Records for the exercise:
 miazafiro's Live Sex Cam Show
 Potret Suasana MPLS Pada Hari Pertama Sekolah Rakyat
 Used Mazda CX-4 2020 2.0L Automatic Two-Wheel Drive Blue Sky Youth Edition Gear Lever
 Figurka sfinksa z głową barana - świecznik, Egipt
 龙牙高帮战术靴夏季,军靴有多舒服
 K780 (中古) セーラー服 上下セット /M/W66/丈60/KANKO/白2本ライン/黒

---

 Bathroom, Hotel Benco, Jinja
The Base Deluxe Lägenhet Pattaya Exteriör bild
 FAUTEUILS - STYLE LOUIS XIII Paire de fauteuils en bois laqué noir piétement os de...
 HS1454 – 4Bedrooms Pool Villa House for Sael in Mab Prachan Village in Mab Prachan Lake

Task description: Of the entries above, transcribe exactly those lines that fall between the line containing "miazafiro's Live Sex Cam Show" and the line containing "K780 (中古) セーラー服", together with those two lines.

Exercise response:
 miazafiro's Live Sex Cam Show
 Potret Suasana MPLS Pada Hari Pertama Sekolah Rakyat
 Used Mazda CX-4 2020 2.0L Automatic Two-Wheel Drive Blue Sky Youth Edition Gear Lever
 Figurka sfinksa z głową barana - świecznik, Egipt
 龙牙高帮战术靴夏季,军靴有多舒服
 K780 (中古) セーラー服 上下セット /M/W66/丈60/KANKO/白2本ライン/黒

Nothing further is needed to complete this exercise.